Londoners are asking their mayoral candidates to expand 20 mph speed limits from neighborhood zones and onto streets citywide. Photo: Stephen Kelly/PA via Guardian.

Across London, 20 mph zones combine a lower speed limit with physical street engineering and camera enforcement to create pockets of safety across the city. According to the British Medical Journal, serious traffic injuries and fatalities have fallen by 46 percent within the zones; 27 fewer Londoners are killed or seriously injured each year because of the zones. Now, street safety advocates are looking to join those neighborhood-sized zones with signage-only 20 mph speed limits on connecting streets.

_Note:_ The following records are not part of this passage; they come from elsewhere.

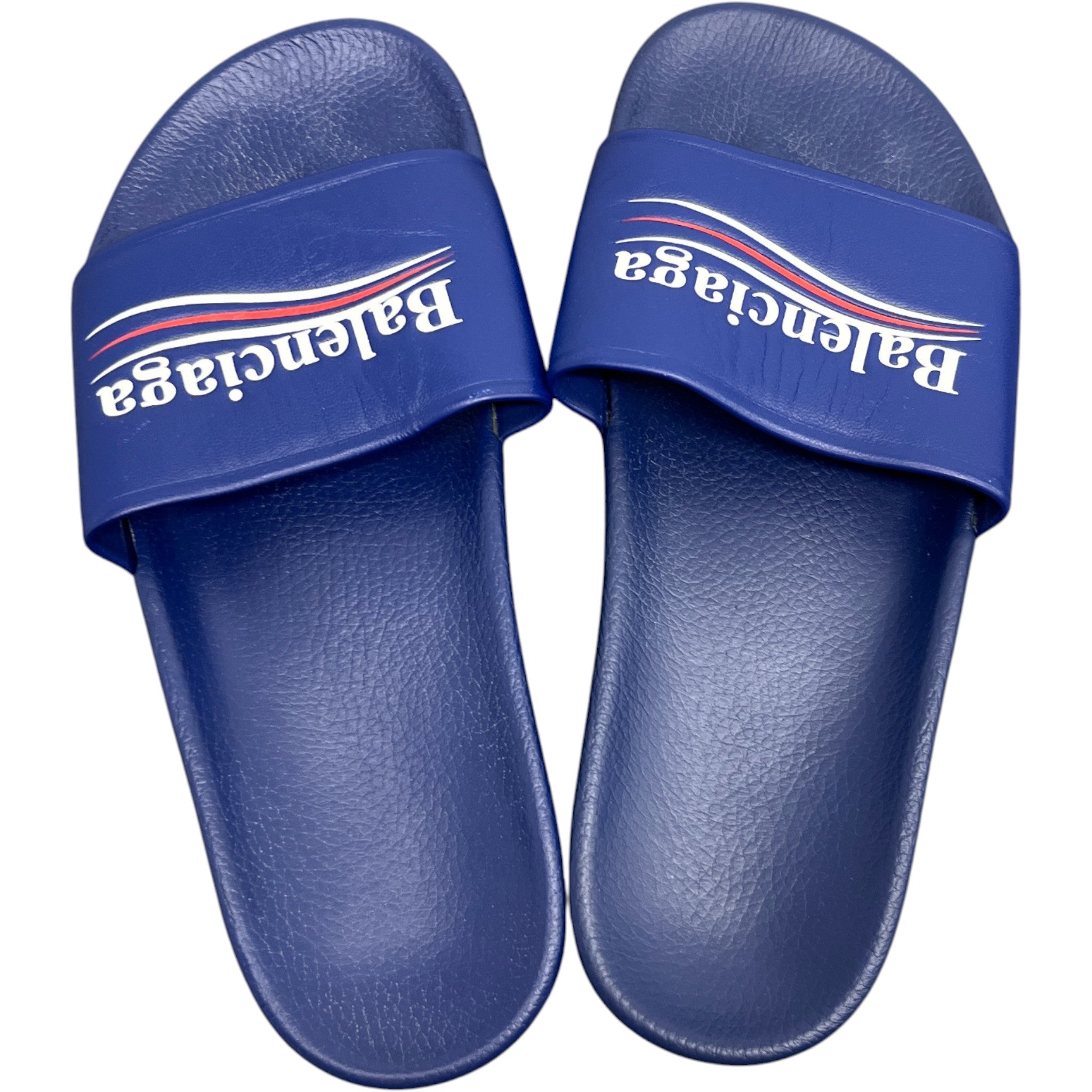 Men's Pool Political Logo Slides Blue Size EU 41 / UK 7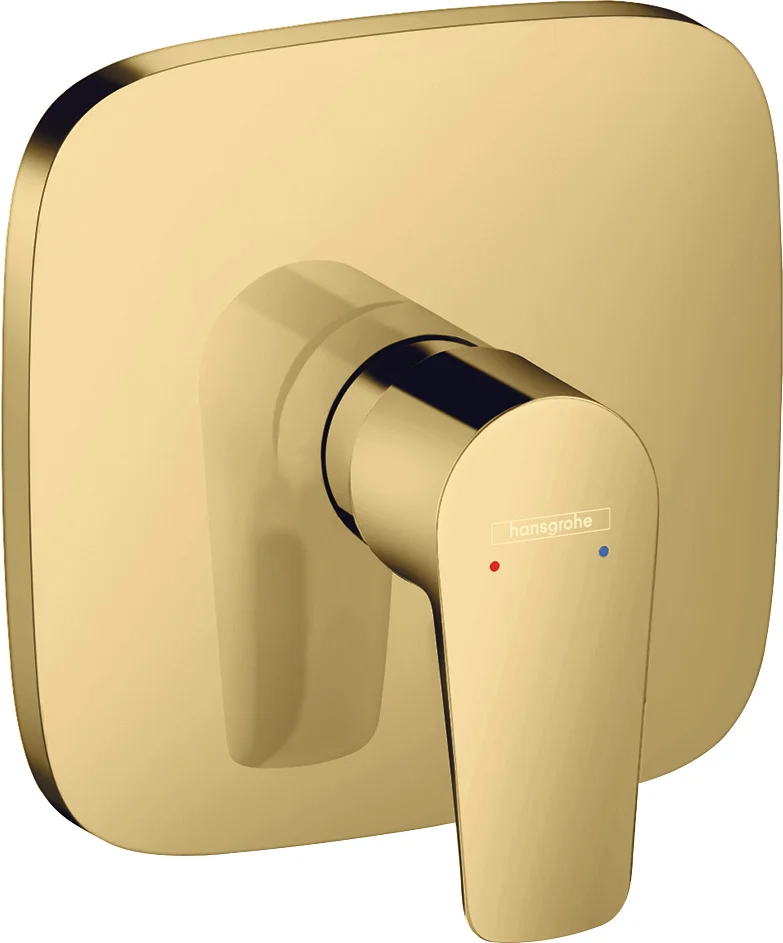 Hansgrohe Talis E Einhebel-Brausemischer Unterputz, Polished Gold Optic, Keramikmischsystem, einstellbare Temperaturbegrenzung, Durchflussklasse B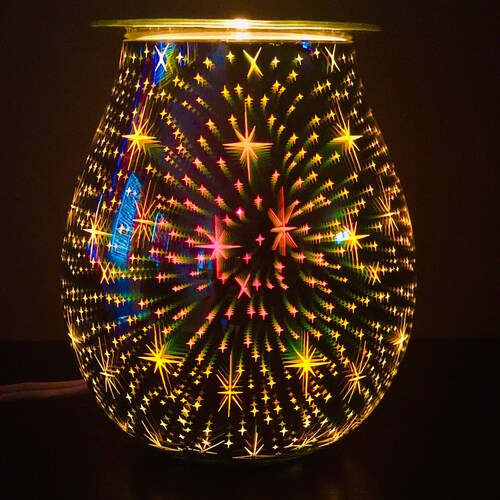 Oil Wax Warmer Electric Lamp / Candle Wax Warmer 3D Glass Art Etsy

While the physically calmed zones can be installed by neighborhood-level officials, the new push requires mayoral support. With London holding an election for mayor in May, 2012, street safety activists are hoping to make lower speeds limits a campaign issue. A coalition of public health, environmental, and transportation advocates have launched a letter-writing campaign to each of the mayoral candidates, asking them to commit to instituting a 20 mph speed limit. Though the major-party candidates have not yet signed on, Green Party candidate Jenny Jones, whose party won about three percent of the vote in 2008, has promised to institute 20 mph speed limits if elected.

Here in New York City, our next mayoral elections will take place a year after London’s. The race is already well underway, though. With a crowded field for the Democratic primary, candidates are jostling for support wherever they can find it. So what’s one thing would you ask the New York City mayoral candidates to commit to?